Measurement of 3D Room Impulse Responses with a Spherical Microphone Array

Regular paper

Jean-Jacques Embrechts

University of Liege

Monday 1 june, 2015, 11:00 - 11:20

0.9 Athens (118)

Abstract:
Directional room impulse responses (DRIRs) are composed of the sound contributions reaching a given location in the room from a well-defined direction in space. DRIRs can be useful in many applications, such as the evaluation of spatial room acoustics parameters, the detection of unwanted specular reflections or the 3D auralization of acoustic spaces. A spherical array containing 16 microphones has been realized to measure DRIRs. The logarithmic sinesweep technique is first applied to measure 16 impulse responses, one for each microphone. A spherical harmonics (SH) decomposition of the sound field is then obtained.
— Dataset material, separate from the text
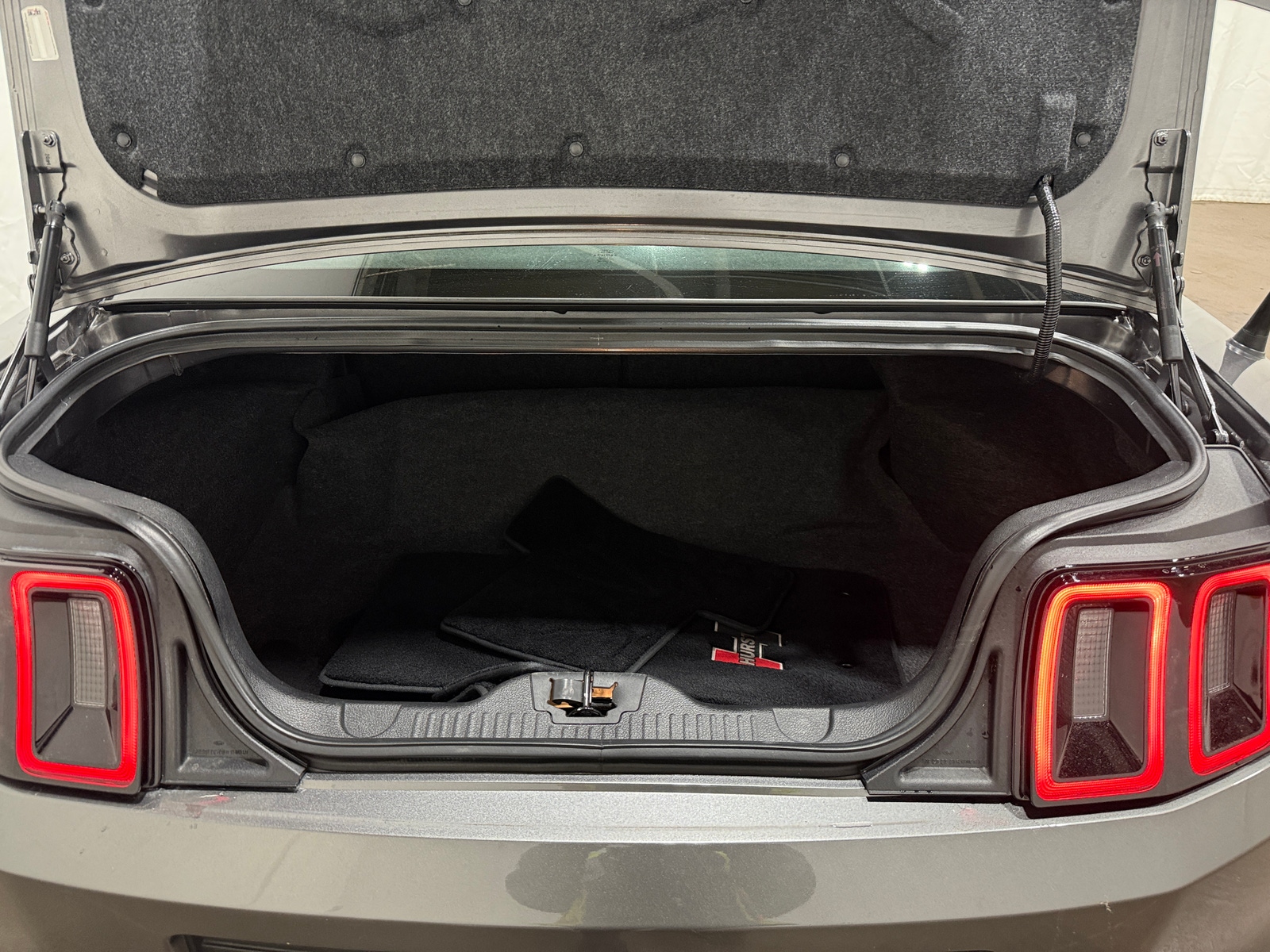 Thumbnail: 2014 Ford Mustang - 4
Spatial aliasing, placement errors and the 'white noise gain’ (WNG) have been analysed to define the useful bandwith of this measure, i.e. [250Hz – 4kHz]. The coefficients of the SH decomposition are then processed by some beamforming methods, in order to compute the DRIR in any direction around the spherical array. Time and 3D space representations can be generated. The results obtained in some rooms will be illustrated in this paper and we will show that the combination of the 'delay-and-sum’ and 'minimum-variance distorsionless response’ beamforming methods is particularly well suited for the analysis of DRIRs.